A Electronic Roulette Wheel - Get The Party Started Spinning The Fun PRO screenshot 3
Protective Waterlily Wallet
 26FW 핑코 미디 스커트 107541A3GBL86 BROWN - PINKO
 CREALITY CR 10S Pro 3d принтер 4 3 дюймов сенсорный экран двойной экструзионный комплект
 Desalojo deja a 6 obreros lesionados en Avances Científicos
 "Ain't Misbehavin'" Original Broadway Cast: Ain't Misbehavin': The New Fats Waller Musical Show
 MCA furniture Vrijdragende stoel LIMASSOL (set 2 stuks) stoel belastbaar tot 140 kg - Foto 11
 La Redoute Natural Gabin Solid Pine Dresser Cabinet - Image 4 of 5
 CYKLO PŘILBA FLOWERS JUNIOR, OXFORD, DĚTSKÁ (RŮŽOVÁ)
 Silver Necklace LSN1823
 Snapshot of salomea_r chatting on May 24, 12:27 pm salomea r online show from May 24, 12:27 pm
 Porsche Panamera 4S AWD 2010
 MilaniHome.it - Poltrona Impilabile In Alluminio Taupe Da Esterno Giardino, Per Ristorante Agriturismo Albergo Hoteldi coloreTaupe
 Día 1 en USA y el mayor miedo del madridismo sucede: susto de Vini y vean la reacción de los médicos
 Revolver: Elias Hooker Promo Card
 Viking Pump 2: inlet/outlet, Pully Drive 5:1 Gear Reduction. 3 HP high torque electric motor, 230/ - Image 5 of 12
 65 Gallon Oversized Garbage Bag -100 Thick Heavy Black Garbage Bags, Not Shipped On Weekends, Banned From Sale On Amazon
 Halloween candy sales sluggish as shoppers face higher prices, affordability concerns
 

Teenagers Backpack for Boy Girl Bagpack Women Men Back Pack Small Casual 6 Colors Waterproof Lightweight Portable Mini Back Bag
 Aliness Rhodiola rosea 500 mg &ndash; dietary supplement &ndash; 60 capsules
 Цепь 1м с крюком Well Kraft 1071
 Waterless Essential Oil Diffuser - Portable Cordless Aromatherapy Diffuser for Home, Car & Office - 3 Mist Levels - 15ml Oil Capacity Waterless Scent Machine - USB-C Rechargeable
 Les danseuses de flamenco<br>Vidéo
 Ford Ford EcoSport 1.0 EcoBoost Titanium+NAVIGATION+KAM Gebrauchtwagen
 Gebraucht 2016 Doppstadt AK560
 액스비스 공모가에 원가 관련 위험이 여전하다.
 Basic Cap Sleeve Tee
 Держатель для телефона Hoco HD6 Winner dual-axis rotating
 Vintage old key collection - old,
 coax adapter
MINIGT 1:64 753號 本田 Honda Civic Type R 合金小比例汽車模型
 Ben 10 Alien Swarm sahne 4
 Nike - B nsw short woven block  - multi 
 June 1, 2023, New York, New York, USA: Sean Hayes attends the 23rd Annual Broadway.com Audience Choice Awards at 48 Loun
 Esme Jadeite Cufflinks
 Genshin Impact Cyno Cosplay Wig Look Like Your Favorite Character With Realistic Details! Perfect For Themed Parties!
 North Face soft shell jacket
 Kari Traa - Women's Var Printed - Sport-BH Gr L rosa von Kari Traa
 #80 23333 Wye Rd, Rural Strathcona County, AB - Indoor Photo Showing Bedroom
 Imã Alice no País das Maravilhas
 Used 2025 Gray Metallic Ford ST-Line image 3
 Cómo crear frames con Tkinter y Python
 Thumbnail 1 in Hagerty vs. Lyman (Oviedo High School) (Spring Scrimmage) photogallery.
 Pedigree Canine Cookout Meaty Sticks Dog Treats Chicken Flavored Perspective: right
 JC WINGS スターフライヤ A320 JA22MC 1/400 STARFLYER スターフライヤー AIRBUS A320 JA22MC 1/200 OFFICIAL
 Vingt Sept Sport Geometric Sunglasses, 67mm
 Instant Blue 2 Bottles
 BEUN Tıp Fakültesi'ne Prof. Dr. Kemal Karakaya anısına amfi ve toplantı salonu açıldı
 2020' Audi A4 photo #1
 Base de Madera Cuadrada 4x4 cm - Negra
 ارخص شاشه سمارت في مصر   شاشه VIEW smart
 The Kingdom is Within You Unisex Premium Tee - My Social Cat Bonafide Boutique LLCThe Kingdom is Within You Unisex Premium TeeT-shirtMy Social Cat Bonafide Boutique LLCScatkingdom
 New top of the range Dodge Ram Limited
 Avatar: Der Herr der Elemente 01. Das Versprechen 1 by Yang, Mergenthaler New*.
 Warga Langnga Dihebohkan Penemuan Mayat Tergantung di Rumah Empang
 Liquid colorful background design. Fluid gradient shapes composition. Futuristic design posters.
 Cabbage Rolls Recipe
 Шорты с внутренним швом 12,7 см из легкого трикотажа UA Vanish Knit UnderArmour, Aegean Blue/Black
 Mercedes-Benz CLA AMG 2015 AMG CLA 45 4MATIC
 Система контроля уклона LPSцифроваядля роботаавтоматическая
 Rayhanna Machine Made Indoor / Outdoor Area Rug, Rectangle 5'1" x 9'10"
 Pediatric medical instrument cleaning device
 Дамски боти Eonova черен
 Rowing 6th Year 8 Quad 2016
------------------------
### WHAT TO PRODUCE
Begin with the line that has "Basic Cap Sleeve Tee" in the listing above and end after the line that has "Nike - B nsw"; output those lines exactly.

### COMPLETED EXERCISE
 Basic Cap Sleeve Tee
 Держатель для телефона Hoco HD6 Winner dual-axis rotating
 Vintage old key collection - old,
 coax adapter
MINIGT 1:64 753號 本田 Honda Civic Type R 合金小比例汽車模型
 Ben 10 Alien Swarm sahne 4
 Nike - B nsw short woven block  - multi 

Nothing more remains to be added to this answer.